High memory usage, long processing time creating thumbnail for spreadsheet

We are using GroupDocs viewer to create thumbnails for various files types. Recently we have encountered some XLSX files with a small amount of content; but the user has applied formatting to maximum number of rows and columns (example AllRowsFormatted.zip (542.9 KB)). This causes the thumbnail generation to run for a very long time (ten’s of minutes at least, never let it complete), and using many GB of memory (hits max memory, garbage collects, repeats). Note: we’re only asking for page 1.
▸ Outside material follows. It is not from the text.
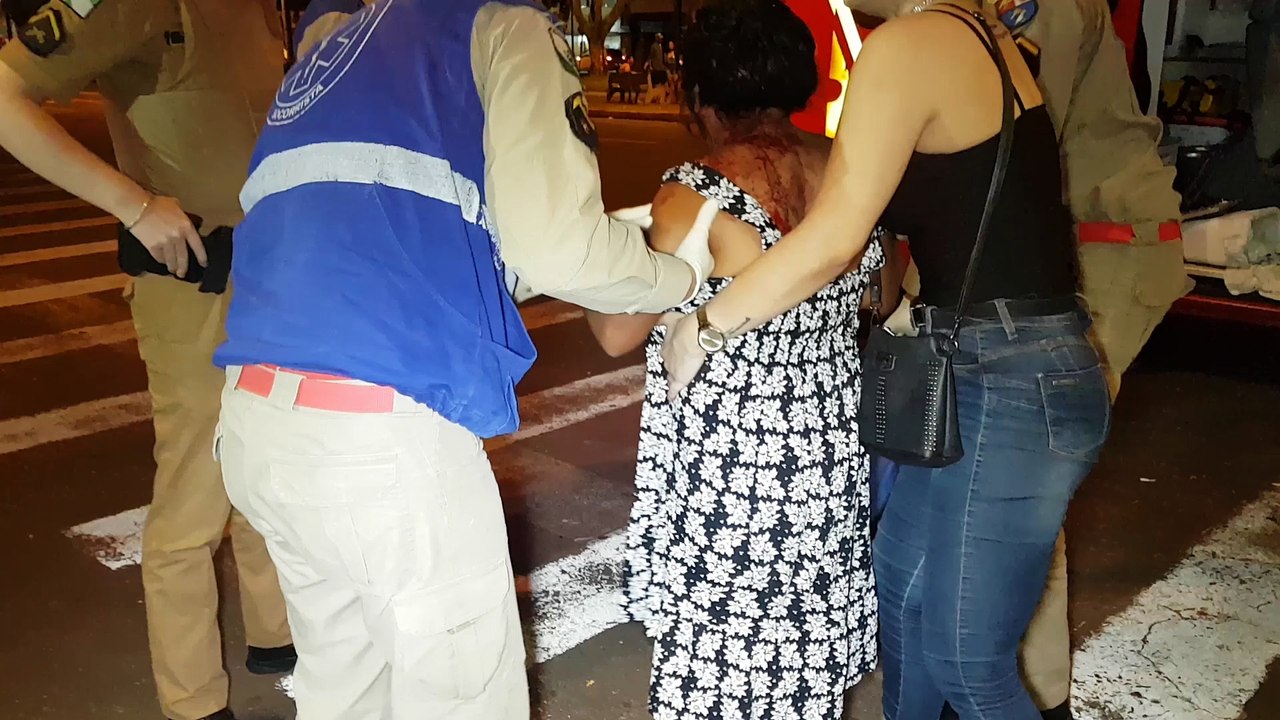 Índia agredida no centro pede socorro em casa noturna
To try and limit the data processed, we’ve added options to set the page to 50 rows by 20 columns, so less data needs to be processed. This reduces the runtime (to ~350 seconds on my laptop). But the process is still using 10GBs, and the runtime is still too long.

I’ve also added a cancellation token, and whilst control is returned, the task is still running. Ideally we need it to be stopped and the memory freed.

Is there a better way to approach this conversion?

We have paid support - details can be provided on request.

Simplest example code, viewer.View() is where the processing and memory is used.

var bytes = File.ReadAllBytes(file);
using (var stream = new MemoryStream(bytes))
{
	var pageStreams = new ContentPageStreamFactory();

	using (var viewer = new Viewer(stream))
	{   
		var spreadsheetOptions = SpreadsheetOptions.ForSplitSheetIntoPages(20, 5);
		spreadsheetOptions.SkipEmptyColumns = true;
		spreadsheetOptions.SkipEmptyRows = true;

		var options = new JpgViewOptions(pageStreams)
		{
			Width = 250,
			Height = 400,
			Quality = 50,
			SpreadsheetOptions = spreadsheetOptions
		};

		viewer.View(options, 1);
	}

	File.WriteAllBytes(allFormatted.Replace("xlsx", "jpg"), pageStreams.GetPageStream(1).ToArray());
}

The page stream class:

internal class ContentPageStreamFactory : IPageStreamFactory
{
    public readonly Dictionary<int, MemoryStream> Pages = new();

    public Stream CreatePageStream(int pageNumber)
    {
        var pageStream = new MemoryStream();
        Pages.Add(pageNumber, pageStream);
        return pageStream;
    }

    public void ReleasePageStream(int pageNumber, Stream pageStream)
    {
        // Do not release page stream as we'll need to keep the stream open
    }

    public MemoryStream GetPageStream(int pageNumber)
        => Pages.ContainsKey(pageNumber) ? Pages[pageNumber] : null;
}

@mautv

Thank you for providing the details and the code you’re running. I can reproduce high memory usage locally and I have found the potential issue. We’ll take a look at how it can be fixed and update you.

@mautv
We have opened the following new ticket(s) in our internal issue tracking system and will deliver their fixes according to the terms mentioned in Free Support Policies.

Issue ID(s): VIEWERNET-4356

You can obtain Paid Support Services if you need support on a priority basis, along with the direct access to our Paid Support management team.

@mautv

This issue has been fixed in GroupDocs.Viewer for .NET 23.6. The version is available at

Have a nice day!

Thank you, I will check it out shortly.

@mautv

You’re welcome. In case of any issues please let us know.